What you should do:
Where the listing below has a line with "V-Neck Floor Length", write out exactly that line and every line after it, stopping after the line with "TASTOS Toilet Paper".

Records for this task:
= Beginning of Section =

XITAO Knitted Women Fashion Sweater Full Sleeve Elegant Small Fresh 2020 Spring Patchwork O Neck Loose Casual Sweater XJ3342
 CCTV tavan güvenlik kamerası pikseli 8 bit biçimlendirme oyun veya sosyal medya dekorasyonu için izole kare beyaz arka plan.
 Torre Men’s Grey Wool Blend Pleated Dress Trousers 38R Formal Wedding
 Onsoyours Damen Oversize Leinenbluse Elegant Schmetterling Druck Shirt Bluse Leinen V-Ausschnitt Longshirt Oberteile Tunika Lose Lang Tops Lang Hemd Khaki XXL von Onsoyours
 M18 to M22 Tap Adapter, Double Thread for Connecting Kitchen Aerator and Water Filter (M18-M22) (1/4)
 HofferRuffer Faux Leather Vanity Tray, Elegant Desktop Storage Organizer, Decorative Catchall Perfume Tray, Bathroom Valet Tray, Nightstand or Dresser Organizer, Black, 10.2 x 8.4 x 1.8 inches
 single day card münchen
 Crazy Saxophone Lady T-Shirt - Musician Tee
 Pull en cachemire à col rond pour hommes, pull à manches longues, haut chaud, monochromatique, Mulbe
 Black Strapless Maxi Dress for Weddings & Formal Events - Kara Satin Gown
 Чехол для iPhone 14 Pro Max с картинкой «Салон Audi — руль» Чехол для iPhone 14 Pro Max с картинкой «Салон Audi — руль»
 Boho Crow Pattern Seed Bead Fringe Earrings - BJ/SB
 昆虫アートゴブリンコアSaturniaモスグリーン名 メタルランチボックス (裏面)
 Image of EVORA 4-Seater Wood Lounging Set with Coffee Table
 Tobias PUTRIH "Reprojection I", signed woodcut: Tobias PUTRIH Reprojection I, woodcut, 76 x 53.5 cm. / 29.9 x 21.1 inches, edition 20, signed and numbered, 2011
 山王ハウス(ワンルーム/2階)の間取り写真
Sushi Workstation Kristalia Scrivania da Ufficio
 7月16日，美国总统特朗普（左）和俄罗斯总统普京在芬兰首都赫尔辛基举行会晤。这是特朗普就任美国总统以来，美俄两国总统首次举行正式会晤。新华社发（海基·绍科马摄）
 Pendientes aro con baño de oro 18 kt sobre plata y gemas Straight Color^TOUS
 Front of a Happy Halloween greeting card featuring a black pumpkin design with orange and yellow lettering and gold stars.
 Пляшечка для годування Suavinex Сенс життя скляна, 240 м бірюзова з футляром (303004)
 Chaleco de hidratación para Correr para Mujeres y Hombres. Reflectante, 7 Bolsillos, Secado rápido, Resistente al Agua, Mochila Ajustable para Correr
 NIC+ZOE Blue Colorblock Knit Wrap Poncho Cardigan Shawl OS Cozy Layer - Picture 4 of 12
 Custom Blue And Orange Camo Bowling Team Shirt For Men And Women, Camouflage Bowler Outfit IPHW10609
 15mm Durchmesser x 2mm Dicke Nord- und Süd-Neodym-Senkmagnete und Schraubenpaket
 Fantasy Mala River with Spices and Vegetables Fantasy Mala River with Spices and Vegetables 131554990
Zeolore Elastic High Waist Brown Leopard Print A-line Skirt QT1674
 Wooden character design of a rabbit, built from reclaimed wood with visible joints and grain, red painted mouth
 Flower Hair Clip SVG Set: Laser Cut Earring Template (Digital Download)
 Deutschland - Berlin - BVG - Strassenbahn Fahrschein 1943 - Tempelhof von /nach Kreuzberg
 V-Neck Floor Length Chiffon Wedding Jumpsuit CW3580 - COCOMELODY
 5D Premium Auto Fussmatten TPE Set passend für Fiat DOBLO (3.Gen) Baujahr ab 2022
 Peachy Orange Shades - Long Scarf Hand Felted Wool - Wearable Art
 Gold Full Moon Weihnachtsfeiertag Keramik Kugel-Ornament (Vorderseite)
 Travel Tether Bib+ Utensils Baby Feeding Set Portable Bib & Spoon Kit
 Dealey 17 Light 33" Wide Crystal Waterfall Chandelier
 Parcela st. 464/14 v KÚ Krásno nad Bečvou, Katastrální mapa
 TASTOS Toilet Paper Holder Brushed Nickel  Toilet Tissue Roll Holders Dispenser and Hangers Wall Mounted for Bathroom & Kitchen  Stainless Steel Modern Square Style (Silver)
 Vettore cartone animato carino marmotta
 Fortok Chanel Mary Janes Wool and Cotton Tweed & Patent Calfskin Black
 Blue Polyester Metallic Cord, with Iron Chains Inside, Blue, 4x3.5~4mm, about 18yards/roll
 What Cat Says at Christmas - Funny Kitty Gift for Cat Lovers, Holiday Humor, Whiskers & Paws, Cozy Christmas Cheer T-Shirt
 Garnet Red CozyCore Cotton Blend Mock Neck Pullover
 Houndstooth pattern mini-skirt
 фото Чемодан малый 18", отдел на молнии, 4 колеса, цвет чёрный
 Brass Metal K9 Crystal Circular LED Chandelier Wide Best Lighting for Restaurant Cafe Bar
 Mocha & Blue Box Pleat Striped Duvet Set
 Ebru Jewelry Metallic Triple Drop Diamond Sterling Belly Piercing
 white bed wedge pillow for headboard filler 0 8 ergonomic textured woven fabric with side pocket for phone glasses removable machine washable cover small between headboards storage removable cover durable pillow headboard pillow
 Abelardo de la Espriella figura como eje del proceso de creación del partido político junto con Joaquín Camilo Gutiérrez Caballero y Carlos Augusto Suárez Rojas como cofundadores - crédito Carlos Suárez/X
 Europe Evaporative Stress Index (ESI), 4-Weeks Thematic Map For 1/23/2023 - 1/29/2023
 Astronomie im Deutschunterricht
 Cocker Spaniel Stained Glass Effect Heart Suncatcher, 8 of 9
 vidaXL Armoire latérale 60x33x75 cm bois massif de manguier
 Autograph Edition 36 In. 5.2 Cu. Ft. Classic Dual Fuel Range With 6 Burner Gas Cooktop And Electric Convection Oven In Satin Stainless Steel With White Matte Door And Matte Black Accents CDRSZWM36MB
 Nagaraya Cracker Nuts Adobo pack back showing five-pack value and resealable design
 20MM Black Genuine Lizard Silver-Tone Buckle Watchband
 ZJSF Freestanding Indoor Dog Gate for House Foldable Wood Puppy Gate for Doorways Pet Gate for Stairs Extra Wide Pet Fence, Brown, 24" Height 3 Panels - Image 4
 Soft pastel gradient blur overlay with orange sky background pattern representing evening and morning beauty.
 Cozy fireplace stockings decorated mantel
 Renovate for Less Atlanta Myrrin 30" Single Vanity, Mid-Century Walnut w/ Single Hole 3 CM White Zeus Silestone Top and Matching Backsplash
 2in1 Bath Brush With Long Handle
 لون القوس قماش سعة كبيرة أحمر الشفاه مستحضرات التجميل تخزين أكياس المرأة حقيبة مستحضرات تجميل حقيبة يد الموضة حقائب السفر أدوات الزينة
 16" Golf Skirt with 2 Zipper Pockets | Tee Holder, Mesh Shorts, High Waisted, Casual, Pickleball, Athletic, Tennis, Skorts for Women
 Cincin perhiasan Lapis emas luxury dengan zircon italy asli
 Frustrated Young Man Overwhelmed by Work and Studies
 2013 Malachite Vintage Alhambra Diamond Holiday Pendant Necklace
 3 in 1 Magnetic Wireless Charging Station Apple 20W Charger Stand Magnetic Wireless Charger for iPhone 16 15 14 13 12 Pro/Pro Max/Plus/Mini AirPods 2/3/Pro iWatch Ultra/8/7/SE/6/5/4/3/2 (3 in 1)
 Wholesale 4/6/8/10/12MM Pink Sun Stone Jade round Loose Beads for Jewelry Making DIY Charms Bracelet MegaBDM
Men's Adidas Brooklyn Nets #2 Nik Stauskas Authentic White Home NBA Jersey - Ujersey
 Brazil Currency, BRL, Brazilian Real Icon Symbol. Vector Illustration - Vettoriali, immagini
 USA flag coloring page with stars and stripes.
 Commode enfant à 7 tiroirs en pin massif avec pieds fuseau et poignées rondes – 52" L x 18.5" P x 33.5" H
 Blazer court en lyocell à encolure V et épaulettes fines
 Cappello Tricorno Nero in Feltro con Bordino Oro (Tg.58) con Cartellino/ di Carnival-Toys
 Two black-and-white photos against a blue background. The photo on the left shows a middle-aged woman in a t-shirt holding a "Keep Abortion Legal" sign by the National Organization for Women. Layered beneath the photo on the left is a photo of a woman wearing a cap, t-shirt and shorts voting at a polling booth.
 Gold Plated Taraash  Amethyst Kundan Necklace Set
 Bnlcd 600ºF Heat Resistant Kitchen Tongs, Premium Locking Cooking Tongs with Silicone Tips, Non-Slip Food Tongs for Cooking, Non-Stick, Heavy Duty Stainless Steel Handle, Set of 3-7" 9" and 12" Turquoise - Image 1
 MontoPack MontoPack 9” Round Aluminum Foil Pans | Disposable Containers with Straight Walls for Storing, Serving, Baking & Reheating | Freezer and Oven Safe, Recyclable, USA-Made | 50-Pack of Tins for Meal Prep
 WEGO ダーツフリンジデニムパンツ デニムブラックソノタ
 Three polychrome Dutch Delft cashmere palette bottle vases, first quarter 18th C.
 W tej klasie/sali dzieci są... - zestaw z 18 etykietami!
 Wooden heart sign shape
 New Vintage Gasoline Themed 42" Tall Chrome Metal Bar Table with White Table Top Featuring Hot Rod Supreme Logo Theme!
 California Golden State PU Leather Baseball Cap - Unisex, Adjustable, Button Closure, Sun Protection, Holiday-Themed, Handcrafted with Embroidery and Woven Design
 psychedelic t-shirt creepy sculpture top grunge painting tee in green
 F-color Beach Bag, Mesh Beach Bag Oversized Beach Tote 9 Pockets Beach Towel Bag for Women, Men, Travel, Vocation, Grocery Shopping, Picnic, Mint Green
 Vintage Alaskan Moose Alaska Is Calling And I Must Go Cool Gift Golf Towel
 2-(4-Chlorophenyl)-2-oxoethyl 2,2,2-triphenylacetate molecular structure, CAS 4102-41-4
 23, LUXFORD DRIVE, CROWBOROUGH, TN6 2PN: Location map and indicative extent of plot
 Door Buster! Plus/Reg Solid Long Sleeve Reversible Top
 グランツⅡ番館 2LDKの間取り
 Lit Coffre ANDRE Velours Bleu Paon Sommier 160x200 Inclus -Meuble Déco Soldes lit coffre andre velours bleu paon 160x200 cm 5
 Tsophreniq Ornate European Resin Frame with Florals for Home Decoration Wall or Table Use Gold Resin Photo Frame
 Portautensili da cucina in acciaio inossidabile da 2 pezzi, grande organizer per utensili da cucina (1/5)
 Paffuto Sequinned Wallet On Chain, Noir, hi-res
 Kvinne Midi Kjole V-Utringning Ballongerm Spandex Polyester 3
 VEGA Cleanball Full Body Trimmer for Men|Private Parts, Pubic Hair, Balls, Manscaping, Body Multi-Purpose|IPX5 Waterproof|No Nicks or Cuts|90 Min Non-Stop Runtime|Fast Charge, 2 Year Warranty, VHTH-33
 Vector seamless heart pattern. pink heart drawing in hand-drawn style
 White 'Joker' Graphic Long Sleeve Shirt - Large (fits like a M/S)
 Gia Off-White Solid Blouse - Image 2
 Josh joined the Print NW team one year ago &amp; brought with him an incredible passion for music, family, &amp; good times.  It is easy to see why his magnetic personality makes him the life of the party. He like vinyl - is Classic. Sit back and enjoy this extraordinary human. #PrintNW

= End of Section =

Task output:
 V-Neck Floor Length Chiffon Wedding Jumpsuit CW3580 - COCOMELODY
 5D Premium Auto Fussmatten TPE Set passend für Fiat DOBLO (3.Gen) Baujahr ab 2022
 Peachy Orange Shades - Long Scarf Hand Felted Wool - Wearable Art
 Gold Full Moon Weihnachtsfeiertag Keramik Kugel-Ornament (Vorderseite)
 Travel Tether Bib+ Utensils Baby Feeding Set Portable Bib & Spoon Kit
 Dealey 17 Light 33" Wide Crystal Waterfall Chandelier
 Parcela st. 464/14 v KÚ Krásno nad Bečvou, Katastrální mapa
 TASTOS Toilet Paper Holder Brushed Nickel  Toilet Tissue Roll Holders Dispenser and Hangers Wall Mounted for Bathroom & Kitchen  Stainless Steel Modern Square Style (Silver)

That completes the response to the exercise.